### About this exercise:
Here are the records. Write out exactly the lines between the one holding "Alcalde de Chiclayo" and the one holding "Eugenia Складные женские", inclusive.

(Collected data)
━━━━━━━━━━
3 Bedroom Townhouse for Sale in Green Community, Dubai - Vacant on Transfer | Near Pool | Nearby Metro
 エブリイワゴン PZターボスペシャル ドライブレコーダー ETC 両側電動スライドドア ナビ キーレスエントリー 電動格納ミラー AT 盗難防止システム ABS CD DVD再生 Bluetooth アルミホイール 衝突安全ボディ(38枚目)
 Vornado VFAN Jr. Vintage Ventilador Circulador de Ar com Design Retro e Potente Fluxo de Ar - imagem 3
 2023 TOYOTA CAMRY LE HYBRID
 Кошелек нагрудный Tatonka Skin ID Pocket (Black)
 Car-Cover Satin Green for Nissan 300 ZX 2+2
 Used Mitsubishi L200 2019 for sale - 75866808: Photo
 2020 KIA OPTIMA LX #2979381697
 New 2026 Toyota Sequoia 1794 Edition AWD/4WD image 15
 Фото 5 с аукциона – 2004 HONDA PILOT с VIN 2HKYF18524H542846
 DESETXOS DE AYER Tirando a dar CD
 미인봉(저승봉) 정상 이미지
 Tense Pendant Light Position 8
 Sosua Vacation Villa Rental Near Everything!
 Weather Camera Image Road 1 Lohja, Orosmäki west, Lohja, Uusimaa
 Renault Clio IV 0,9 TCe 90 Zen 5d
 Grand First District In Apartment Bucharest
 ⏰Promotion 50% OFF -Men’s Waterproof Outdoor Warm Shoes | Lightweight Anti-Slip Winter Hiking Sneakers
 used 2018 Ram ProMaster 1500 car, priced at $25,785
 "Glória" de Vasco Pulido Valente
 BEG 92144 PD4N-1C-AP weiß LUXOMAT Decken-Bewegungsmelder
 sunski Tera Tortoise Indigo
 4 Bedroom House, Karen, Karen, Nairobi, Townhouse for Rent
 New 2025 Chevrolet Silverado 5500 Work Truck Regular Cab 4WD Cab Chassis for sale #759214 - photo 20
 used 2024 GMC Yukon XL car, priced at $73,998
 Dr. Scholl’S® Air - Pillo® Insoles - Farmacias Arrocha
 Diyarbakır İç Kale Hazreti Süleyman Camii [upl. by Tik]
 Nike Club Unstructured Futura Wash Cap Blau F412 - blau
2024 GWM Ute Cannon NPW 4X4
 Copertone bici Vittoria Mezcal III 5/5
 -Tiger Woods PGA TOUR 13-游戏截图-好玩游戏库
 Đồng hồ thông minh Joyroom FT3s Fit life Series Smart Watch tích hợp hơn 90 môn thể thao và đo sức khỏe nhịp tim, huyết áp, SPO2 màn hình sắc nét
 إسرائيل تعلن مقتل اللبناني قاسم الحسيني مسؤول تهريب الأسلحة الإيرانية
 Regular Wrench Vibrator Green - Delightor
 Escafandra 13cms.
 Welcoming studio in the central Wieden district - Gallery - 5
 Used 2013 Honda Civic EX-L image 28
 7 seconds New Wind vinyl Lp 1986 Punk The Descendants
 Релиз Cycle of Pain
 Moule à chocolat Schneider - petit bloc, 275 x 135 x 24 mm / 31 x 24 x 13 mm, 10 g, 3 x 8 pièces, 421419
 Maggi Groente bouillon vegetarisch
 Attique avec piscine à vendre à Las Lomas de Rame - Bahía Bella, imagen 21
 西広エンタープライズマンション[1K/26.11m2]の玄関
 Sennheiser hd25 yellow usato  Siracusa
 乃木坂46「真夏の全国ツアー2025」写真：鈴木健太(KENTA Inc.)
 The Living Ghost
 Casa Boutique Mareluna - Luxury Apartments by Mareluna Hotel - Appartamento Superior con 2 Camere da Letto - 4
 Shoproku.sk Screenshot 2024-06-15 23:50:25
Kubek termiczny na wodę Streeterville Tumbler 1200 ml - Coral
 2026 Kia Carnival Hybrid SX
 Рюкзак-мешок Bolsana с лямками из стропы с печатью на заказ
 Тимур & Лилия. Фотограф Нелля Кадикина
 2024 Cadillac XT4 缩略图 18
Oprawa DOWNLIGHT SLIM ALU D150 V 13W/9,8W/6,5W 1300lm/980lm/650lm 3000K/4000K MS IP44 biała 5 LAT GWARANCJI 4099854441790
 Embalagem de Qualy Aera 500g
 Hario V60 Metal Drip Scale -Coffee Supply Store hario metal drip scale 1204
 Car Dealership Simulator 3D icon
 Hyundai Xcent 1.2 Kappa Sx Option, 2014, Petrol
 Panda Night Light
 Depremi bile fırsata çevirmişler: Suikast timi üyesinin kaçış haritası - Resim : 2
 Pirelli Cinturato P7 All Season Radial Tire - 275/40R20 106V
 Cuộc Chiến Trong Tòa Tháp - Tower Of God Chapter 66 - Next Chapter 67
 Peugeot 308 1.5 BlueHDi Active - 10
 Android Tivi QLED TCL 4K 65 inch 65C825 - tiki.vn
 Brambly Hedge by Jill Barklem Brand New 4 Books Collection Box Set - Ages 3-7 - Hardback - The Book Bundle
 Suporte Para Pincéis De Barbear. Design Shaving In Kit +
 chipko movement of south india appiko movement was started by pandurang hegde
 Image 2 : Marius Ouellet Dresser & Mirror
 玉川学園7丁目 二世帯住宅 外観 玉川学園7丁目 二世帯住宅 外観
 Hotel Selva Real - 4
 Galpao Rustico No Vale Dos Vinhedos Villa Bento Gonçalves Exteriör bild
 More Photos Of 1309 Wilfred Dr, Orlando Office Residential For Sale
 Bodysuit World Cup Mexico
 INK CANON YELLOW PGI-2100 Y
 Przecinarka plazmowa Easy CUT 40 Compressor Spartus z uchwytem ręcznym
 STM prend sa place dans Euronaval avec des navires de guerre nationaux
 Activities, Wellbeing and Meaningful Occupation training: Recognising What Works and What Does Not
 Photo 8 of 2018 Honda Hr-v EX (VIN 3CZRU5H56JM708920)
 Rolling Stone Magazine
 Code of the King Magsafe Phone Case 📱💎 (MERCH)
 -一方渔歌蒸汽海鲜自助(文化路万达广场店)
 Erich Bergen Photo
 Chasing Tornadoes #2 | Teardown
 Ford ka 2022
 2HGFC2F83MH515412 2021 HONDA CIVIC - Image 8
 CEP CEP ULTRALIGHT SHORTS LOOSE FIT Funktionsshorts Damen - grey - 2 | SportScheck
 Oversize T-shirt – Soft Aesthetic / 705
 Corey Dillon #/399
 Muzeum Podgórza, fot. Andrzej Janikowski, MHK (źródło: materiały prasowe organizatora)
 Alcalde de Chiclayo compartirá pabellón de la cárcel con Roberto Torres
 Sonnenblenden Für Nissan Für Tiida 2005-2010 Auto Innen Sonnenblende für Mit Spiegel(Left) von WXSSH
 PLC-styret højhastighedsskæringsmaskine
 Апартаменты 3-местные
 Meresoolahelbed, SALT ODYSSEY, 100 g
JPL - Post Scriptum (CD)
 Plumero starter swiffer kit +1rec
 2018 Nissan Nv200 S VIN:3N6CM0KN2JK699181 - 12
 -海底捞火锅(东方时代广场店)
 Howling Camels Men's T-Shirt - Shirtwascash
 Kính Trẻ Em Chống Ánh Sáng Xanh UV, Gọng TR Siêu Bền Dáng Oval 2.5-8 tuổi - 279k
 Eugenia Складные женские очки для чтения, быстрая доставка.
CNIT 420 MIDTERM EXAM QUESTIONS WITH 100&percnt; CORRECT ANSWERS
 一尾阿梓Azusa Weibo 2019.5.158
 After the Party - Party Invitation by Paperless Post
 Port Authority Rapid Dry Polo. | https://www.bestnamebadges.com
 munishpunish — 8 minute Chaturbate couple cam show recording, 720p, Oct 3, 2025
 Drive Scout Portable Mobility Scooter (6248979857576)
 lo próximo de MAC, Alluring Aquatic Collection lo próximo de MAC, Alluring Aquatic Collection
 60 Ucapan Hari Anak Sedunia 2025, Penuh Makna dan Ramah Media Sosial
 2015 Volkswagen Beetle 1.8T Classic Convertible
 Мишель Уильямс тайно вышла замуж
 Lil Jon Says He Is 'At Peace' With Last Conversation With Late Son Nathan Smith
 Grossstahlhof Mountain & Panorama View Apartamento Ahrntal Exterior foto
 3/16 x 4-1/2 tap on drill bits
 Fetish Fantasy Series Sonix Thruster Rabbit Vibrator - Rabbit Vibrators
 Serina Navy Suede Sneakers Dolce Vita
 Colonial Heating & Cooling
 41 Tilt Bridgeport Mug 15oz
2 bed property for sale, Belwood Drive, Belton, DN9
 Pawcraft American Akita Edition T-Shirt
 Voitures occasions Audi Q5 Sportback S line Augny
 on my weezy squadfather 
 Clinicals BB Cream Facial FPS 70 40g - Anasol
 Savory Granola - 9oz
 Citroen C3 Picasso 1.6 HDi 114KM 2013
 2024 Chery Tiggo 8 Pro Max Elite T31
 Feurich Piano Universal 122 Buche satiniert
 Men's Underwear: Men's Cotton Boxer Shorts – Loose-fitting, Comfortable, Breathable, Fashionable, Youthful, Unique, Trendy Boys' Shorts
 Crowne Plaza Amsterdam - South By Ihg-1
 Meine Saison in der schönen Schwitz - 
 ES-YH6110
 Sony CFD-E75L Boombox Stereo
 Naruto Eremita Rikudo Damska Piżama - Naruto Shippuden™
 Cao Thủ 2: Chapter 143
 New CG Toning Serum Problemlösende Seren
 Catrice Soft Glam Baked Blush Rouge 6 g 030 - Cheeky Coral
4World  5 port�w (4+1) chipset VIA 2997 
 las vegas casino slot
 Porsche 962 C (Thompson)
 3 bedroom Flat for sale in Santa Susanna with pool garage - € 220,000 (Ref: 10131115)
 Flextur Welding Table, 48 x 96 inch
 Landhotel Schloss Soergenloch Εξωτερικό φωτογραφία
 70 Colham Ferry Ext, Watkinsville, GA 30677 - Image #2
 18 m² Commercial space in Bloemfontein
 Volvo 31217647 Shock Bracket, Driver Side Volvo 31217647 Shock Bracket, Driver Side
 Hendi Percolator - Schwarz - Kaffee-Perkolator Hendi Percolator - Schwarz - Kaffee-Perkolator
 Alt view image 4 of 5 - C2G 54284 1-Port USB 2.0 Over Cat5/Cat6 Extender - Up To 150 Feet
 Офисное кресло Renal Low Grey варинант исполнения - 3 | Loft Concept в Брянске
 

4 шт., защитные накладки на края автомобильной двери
━━━━━━━━━━
### Output:
 Alcalde de Chiclayo compartirá pabellón de la cárcel con Roberto Torres
 Sonnenblenden Für Nissan Für Tiida 2005-2010 Auto Innen Sonnenblende für Mit Spiegel(Left) von WXSSH
 PLC-styret højhastighedsskæringsmaskine
 Апартаменты 3-местные
 Meresoolahelbed, SALT ODYSSEY, 100 g
JPL - Post Scriptum (CD)
 Plumero starter swiffer kit +1rec
 2018 Nissan Nv200 S VIN:3N6CM0KN2JK699181 - 12
 -海底捞火锅(东方时代广场店)
 Howling Camels Men's T-Shirt - Shirtwascash
 Kính Trẻ Em Chống Ánh Sáng Xanh UV, Gọng TR Siêu Bền Dáng Oval 2.5-8 tuổi - 279k
 Eugenia Складные женские очки для чтения, быстрая доставка.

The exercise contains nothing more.